Women can face internal identity conflict in the workplace
 
September 1, 2013
 
Women in the workplace can face internal identity conflict when it comes to competing against their co-workers, a University of Canterbury (UC) researcher says.
 
Associate Professor Maroš Servátka researched the issue in a new study along with Ontario’s University of Guelph professor Bram Cadsby and Toronto’s Ryerson University professor Fei Song. Their findings have been published in the latest issue of the Journal of Economic Behavior & Organization
 
``Our research argues that gender stereotypes originate from the social roles that men and women have traditionally occupied in a society,’’ Professor Servátka says.
 
``Stereotypes are learned early in life, become part of one’s cultural understanding and are internalised as implicit beliefs and endorsed values.
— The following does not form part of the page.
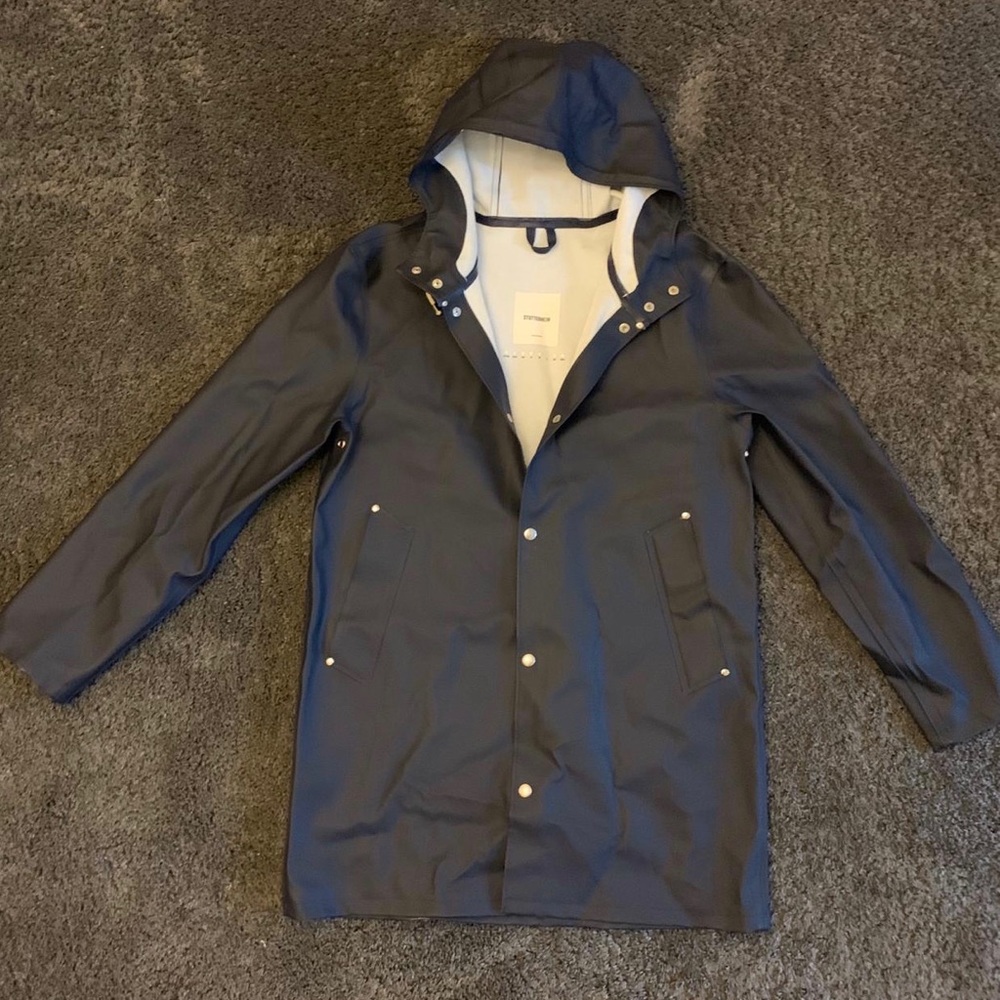 Stutterheim Men’s Stockholm Hooded Raincoat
People extend stereotypes to develop implicit self-concepts, which are evidenced by automatic associations between the self and stereotypical personality traits, abilities and roles.
 
``Such stereotypes are likely closely related to the differing competitiveness demonstrated by men and women. Employing a behavioral experiment, researchers show that, for women, identity priming significantly affects willingness to participate in competition and to take risky gambles.
 
``Such priming has significantly different effects on males from the same population. This contrast suggests an identity conflict for the female professionals in our study that was absent for the males.’’
 
Professor Servátka’s research found women often experience conflicting role identities: a professional identity that is highly competitive, competent and ambitious and a gender/family identity that is warm, supportive and caring.
 
``We found that female students would face identity conflicts when it came to choosing which reward model they preferred.
 
``Many females would pick the piecemeal-reward model unless they were primed by the professional survey, where they would then pick the competitive model. Many males would pick the competitive-reward model regardless of which survey they answered. This suggests that, unlike males, females face an internal conflict when it comes to being competitive in the workplace.
 
``Men’s competitiveness did increase after the gender-family survey, but being competitive was something we saw after all three types of surveys, so it’s not a big shift.
 
``The main finding is that female identity priming significantly affects a woman’s willingness to participate in competitive tournaments, take risky gambles and pick a tournament pay scheme.
 
``Although such priming effects may be short-term in nature, these results suggest that life-cycle events such as marriage, pregnancy and parenthood could have very substantial and long-lasting effects on the activation of family identities with their consequent effects on attitudes toward competition.
 
``The decision to avoid or minimise competition made by many women in professional careers may be driven not by lack of ability but rather by the increased salience of the gender/family identity, based on stereotypical beliefs, attitudes and ideals over time,’’ Professor Servátka says.